# Integer Overflow and Hash Codes

## Major Problem: Integer Overflow

In Java, the largest possible integer is $2,147,483,647$
* If we go over this limit, an overflow occurs, starting back over at the smallest integer, $-2,147,483,648$
* In other words, the next number after `2,147,483,647` is `-2,147,483,648`

In [None]:
int x = 2147483647;
System.out.println(x);
System.out.println(x+1);

// Output will be as the following
>> 2147483647
>> -2147483647

## Consequence of Overflow: Collisions

With base 126, we will run into overflow even for short strings.

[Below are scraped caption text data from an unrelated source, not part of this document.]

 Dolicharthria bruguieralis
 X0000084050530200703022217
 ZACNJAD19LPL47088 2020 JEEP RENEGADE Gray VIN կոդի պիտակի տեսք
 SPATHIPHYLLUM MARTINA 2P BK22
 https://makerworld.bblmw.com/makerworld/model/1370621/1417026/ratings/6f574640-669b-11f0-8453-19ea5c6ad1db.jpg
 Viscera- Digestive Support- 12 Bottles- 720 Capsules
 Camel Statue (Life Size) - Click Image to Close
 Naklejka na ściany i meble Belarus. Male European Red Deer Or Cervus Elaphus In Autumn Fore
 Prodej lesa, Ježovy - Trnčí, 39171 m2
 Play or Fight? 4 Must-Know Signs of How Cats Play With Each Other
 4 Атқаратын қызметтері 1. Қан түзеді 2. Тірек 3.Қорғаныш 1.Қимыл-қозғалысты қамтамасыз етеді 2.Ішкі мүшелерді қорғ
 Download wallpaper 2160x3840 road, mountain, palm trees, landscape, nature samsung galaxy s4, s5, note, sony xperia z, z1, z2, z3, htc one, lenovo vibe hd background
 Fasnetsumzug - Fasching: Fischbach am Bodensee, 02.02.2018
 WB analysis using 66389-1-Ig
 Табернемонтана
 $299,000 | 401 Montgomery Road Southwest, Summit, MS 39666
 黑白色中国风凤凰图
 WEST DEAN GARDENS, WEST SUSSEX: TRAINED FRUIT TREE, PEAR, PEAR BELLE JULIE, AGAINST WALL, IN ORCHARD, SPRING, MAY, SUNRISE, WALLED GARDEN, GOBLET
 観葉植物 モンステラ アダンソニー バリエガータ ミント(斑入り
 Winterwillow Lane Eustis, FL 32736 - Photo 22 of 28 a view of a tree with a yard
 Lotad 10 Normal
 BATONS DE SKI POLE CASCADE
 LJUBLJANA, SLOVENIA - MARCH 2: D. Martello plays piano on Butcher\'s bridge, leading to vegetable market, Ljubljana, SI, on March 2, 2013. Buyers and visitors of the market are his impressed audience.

* For example, $omens_{126} = 28,196,917,171$
* `asciiToInt('omens')` = -1,867,853,901

Overflow can result in **collisions**,

In [None]:
public void moo(){
    DataIndexedStringSet disi = new DataIndexedStringSet();
    disi.add("melt banana");
    disi.contains("subterrestrial anticosmetic"); // Returns True!
    // asciiToInt for both the strings above is 839099397
}

## Hash Codes and the Pigeonhole Principle

The official term for the number we're computing is called `hash code`
* Wolfram Alpha definition: a hash code "projects a value 
    * From a set with many (or even an infinite number of) members 
    * To a value from a set with a fixed number of (fewer) members
* In our case, our target set is the set of Java integers, which is of the size 4294967296

`Pigeonhole principle` tells us that if there are more than 4294967296 possible items, multiple items will share the same hash code.
* There are more than 4294967296 planets
    * Each has `mass`, `xPos`, `yPos`, `xVel`, `yVel`, `imgName`
* There are more than 4294967296 strings
    * "one, "two", ..., "nineteen quadrillion"..
    
**Bottom line: Collisions are inevitable**

## 2 Fundamental Challenges

How do we resolve hashCode collisions ("melt banana" vs. "subterranean anticosmetic")?
* We call this **collision handling**.

How do we compute a hash code for arbitrary objects?
* We'll call this **computing a hashCode**
    * Example: our hashCode for "melt banana" was 839099497
* For Strings, this was relatively straightforward (treat as a base 27 or base 126 or base 40959 number).